One thing I love about driving in my car alone is listening to talk radio on NPR. Last week, I caught a chunk of RadioOpenSource when the focus of the show was Google's Book Search. Here's a link to the show which you can download.
I have noticed the new link at the bottom of each google search page to “Try your search again on Google Book Search” but hadn't really paid much attention to it. Listening to this program was fascinating because it was almost a debate on ethics - bringing Google together with librarians to discuss.
Google's project is to digitize books in a way that they will be searchable on the web. There are plenty that are already digitized and searchable and available to Google. But they are also working on a big library project - first attacking public domain books, but with a bigger goal of somehow talking publishers into letting them at copyrighted material. Oh, the authors are in an uproar! To the tune of a lawsuit.
In addition to the obvious legal questions, the show addressed the ethical and even social problems raised by Google's project. Does it put Google in “ownership” of all of this information or just of too much?
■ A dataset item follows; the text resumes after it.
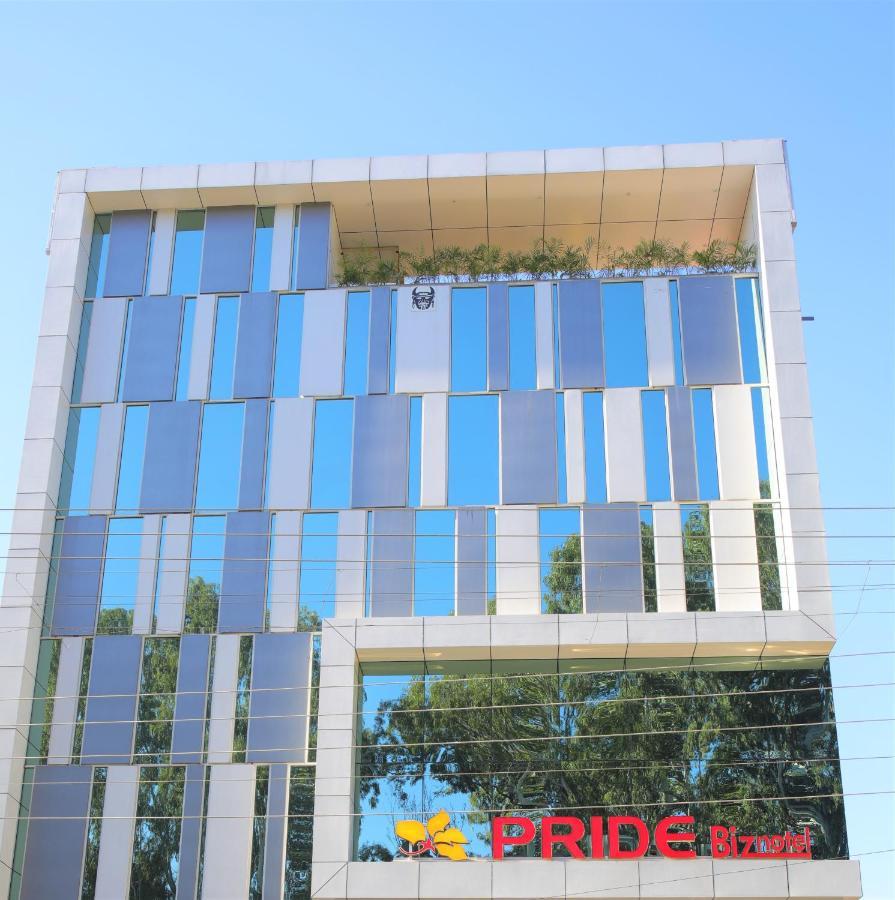 Pride Biznotel Haldwani Bagian luar foto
Will people stop going to libraries? Will people lose a love of books? (Certainly not book lovers! I always have a novel by my bedside and read almost every night before going to sleep.) Will people's assumption that everything is on google prevent them from researching properly? Will google replace student's education of how to research? (This coming from a girl who can say “back in the old days, there was no internet when we had to write reports and papers in high school or college”) Will they stop on only the first page of google results?
This is definitely a cultural turning point. Will our own kids someday say “back in the olden days, we had to go to these places called libraries to learn stuff.”
edit: I had to add this very funny NY Times commentary on “Google in 2084” - by way of Derek Hatchard.